“How Can I be a Logician before I’m a Human Being?” The Role of Biography in the Understanding of Intellectuals, Seymour Biography Lecture, 22 September 2014
“I don’t even know who this guy is….” I thought while RSVPing for the Seymour Biography lecture in Melbourne, held last night. When I looked the books he’s written, I understand why. While I’ve read many historical and literary biographies, I must confess to not being overly attracted to biographies of philosophers and scientists. However, in my own work on Judge Willis, I share the problem of working on a man who has a body of work in the intellectual realm (in my own case, an accumulation of addresses to a jury and written judgements) which, while abstract and de-personalized (in a way that, perhaps, a fiction oeuvre for a writer is not), is also integral to his own identity.

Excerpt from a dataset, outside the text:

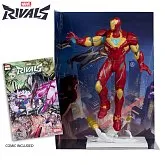 Фигурка Marvel Rivals 1/6 WV2 Iron Man — McFarlane Toys Figure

Ray Monk is a Professor of Philosophy at the University of Southampton, coming from a background in the philosophy of mathematics. Although his four works are based on philosophers and, more recently, a scientist, he does not believe that biography necessarily contributes to an understanding of all philosophers and moreover, that you can’t evaluate the philosophy in terms of the life of its proponent. However, he was attracted to write about Wittgenstein after reading two very different appraisals of Wittgenstein’s work and concluding that, if these writers had understood Wittgenstein as a man, they would not have developed particular misunderstands in their analysis.

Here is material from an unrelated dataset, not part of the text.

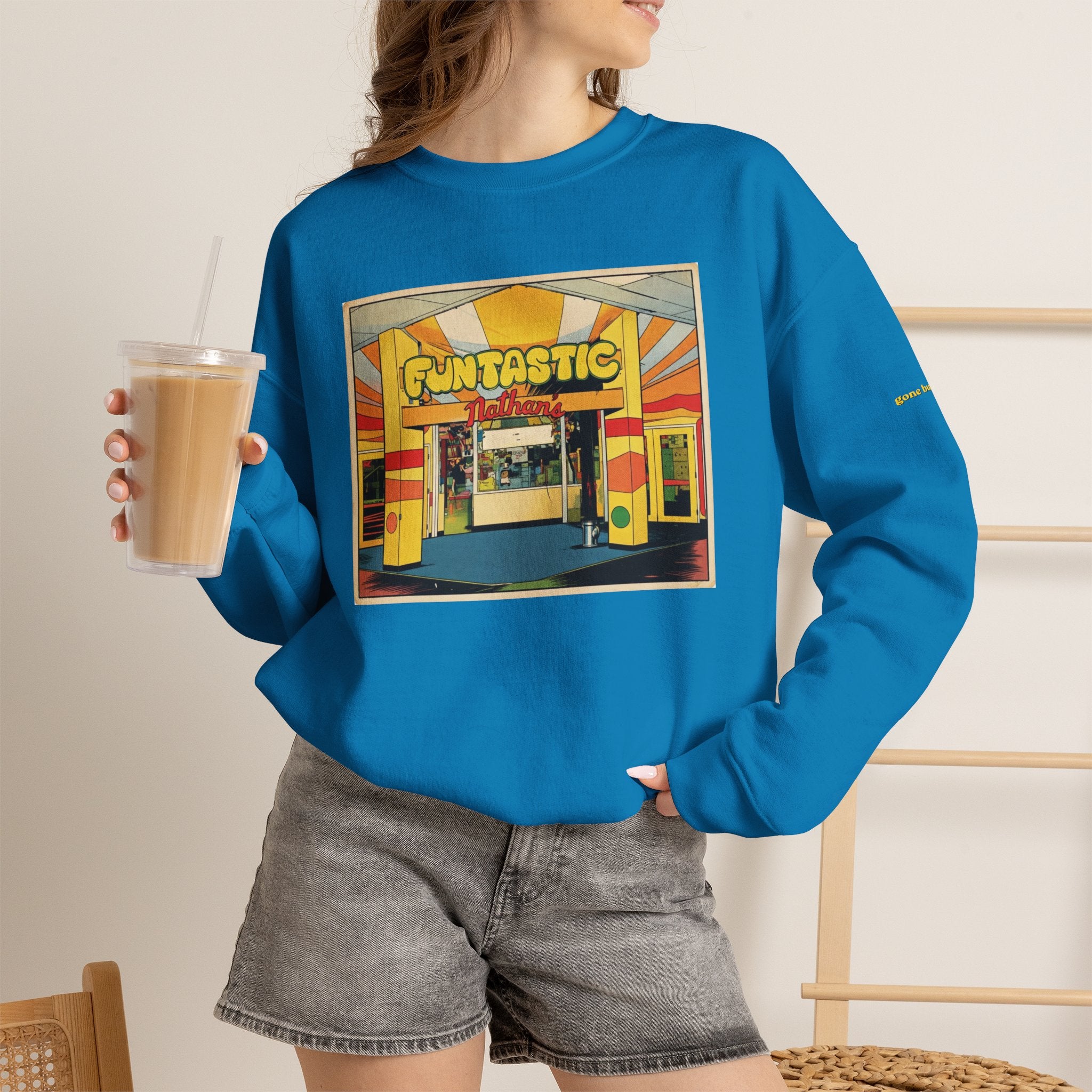 Funtastic Nathan’s | Native303 Sweatshirt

In a very academic-y way, he investigated the methodology of biography writing before embarking on his biography of Wittgenstein. In effect, he followed Biography 101, commencing with classical biographies, Samuel Johnson and Boswell, Virginia Woolf, and ending up with Richard Ellman’s Oscar Wilde and Andrew Hodge’s Turing: The Enigma as exemplars for his own work.
In his presentation, he focussed on Johnson’s own reflections on biography that he expressed through two articles ‘Biography’ in The Rambler in 1750 and ‘On Biography’ in The Idler 1759. He addressed five questions from Johnson:
1. What is the relation between biography of other genres, most particularly history and fiction? His answer- there’s an overlap.
2. Who deserves a biography? Many philosophers don’t live sufficiently interesting lives to warrant a biography, he said.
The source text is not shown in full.